Even more horrifying, a story from the news archives dated March 1, 2016 tells of 56-year-old Mr Jerome Pow who was killed by pit bulls in the vicinity of Hagley Park Road in St Andrew.


Such reports are not new. Each such incident triggers urgent calls for tougher action to protect citizens from vicious dogs and their careless owners. Then, with the passage of time, the issue is forgotten until there is another nightmarish report.

Writing in January 2014 Jamaica Observer columnist Ms Grace Virtue highlighted some of the cases leading up to then:

In July 2011, 62-year-old Valerie Stephenson, of St Catherine, was killed by a pit bull as she walked in the community.

"Four months earlier, in Westmoreland, eight-month-old Oshawn Obermann was mauled by a pit bull owned by his parents. He survived with major injuries.

 

"In December 2012, two-year-old Ronica Gregory of St Catherine was killed by a pit bull and her sister seriously injured

“Also in 2012, a woman and her 14-month-old son were attacked by a pit bull in Spanish Town.

"January 2, 2014, a three-year-old lost an eye after he was mauled by a pit bull in St Ann.

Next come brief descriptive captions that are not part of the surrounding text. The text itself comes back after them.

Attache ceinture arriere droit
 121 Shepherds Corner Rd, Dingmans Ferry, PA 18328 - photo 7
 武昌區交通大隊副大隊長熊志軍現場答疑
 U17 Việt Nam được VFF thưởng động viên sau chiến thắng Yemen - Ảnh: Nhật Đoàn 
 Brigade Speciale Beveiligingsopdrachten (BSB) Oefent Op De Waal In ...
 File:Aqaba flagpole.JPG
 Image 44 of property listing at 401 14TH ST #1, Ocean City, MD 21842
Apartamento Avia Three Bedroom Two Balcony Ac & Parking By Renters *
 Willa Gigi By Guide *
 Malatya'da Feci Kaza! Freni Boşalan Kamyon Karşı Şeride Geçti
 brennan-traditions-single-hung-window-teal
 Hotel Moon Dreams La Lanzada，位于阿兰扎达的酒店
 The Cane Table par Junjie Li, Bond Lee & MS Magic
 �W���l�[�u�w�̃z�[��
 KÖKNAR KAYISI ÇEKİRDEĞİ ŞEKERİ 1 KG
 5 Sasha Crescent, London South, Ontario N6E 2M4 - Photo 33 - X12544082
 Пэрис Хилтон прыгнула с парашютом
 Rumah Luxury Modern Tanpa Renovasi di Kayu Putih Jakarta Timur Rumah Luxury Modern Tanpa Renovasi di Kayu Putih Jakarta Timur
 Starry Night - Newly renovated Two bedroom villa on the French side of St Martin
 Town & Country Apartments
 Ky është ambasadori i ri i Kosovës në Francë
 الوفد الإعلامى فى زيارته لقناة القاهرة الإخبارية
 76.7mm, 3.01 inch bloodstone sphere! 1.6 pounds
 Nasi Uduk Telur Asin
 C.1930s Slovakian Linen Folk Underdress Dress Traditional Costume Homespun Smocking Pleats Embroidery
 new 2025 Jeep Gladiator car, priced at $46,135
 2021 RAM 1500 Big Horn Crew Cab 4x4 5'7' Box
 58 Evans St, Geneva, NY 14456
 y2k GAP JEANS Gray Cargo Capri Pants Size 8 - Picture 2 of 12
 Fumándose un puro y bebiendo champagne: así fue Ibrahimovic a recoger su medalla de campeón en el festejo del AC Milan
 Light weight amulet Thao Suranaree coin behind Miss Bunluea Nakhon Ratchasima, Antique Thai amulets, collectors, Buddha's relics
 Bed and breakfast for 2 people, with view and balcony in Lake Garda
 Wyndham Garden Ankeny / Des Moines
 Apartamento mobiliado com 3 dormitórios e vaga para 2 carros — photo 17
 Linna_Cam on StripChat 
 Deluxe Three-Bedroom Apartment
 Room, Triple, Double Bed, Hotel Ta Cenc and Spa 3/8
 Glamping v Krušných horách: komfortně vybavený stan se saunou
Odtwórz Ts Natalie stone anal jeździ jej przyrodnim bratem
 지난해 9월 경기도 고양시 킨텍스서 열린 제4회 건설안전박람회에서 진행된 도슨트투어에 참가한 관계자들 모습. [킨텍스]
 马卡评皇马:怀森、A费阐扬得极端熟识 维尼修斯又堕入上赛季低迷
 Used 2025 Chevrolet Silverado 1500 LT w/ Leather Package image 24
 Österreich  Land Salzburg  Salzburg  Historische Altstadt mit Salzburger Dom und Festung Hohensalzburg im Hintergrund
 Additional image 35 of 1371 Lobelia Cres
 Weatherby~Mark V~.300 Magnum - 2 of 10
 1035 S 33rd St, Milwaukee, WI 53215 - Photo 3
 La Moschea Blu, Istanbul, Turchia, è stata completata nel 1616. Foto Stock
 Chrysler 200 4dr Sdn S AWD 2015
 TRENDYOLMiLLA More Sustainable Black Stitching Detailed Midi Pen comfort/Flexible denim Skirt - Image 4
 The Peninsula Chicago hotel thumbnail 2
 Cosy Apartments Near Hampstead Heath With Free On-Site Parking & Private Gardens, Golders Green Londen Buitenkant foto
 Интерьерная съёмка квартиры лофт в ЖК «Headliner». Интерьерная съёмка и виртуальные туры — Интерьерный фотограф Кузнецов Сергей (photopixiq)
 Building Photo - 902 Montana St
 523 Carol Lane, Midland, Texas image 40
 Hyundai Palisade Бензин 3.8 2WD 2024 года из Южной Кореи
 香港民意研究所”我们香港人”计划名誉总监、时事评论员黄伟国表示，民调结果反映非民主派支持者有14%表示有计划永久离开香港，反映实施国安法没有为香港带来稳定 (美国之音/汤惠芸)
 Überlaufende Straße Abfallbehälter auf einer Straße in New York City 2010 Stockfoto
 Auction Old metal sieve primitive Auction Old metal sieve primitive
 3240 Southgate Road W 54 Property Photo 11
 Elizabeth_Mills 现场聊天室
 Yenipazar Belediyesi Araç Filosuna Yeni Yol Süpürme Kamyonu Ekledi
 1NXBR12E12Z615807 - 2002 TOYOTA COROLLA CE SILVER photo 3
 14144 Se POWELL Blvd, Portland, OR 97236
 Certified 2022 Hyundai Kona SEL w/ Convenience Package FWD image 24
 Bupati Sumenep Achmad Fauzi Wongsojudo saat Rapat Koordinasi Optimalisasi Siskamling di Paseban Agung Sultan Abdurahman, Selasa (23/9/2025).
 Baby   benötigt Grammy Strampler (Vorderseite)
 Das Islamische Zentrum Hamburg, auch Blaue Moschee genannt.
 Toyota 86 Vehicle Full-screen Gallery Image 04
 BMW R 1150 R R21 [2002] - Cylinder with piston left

On January 4, 2014, a 59-year-old mechanic was mauled by three pit bulls in St Mary.”

Though apparently hamstrung by legal limitations the police have urged Jamaicans to stop keeping pit bulls and to be vigilant in securing dogs.

In 2014, some opinion leaders, including veterinarian and former Member of Parliament Dr St Aubyn Bartlett, urged registration of dogs and specific legislation.

But then the issue died its usual natural death. Two years later, here we are again.

In the case involving Ms Chin and her two young children, it is alleged that the dogs had free access to the road through an open gate. A lawsuit is apparently the only legal recourse.

A near 150-year-old law, The Dogs (Liability for Injuries by) Act of 1877 is applicable in this instance. Like so many other pieces of Jamaican legislation it needs urgent upgrade.

 

This should not again be a nine-day wonder. All stakeholders, not least the media, should push with might and main to make sure that this time around concrete action is taken.

We are well aware that Jamaica’s legislative and judicial process is tediously inefficient — we need only listen to Justice Minister Mr Delroy Chuck. But it is full time for action.

For the doubters and naysayers, we think it appropriate to borrow from Ms Virtue in her January 2014 column: “Close your eyes for a minute, honourable ministers, and visualise your child or grandchild being mauled by a dog. Or, imagine yourself, as a two-year old, caught between the jaws of a killer dog.”